> [Required work] Retrieve every line of the data holding the word "blue".

Data records:
[Start of Attachment]

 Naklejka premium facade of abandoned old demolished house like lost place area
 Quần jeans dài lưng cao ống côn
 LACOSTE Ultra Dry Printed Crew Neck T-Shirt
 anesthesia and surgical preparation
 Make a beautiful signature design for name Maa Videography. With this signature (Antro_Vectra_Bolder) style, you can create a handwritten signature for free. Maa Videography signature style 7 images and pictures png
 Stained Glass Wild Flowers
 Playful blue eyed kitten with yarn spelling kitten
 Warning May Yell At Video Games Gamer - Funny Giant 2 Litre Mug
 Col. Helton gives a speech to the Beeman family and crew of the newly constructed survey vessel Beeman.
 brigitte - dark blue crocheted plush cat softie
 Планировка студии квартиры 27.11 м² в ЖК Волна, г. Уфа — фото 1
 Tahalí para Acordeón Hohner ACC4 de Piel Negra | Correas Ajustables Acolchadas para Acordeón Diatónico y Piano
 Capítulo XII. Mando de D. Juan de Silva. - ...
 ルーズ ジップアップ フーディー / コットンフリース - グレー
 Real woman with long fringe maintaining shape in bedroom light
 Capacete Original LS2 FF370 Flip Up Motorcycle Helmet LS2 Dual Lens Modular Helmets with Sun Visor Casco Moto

[End of Attachment]

> [The answer]
 Playful blue eyed kitten with yarn spelling kitten
 brigitte - dark blue crocheted plush cat softie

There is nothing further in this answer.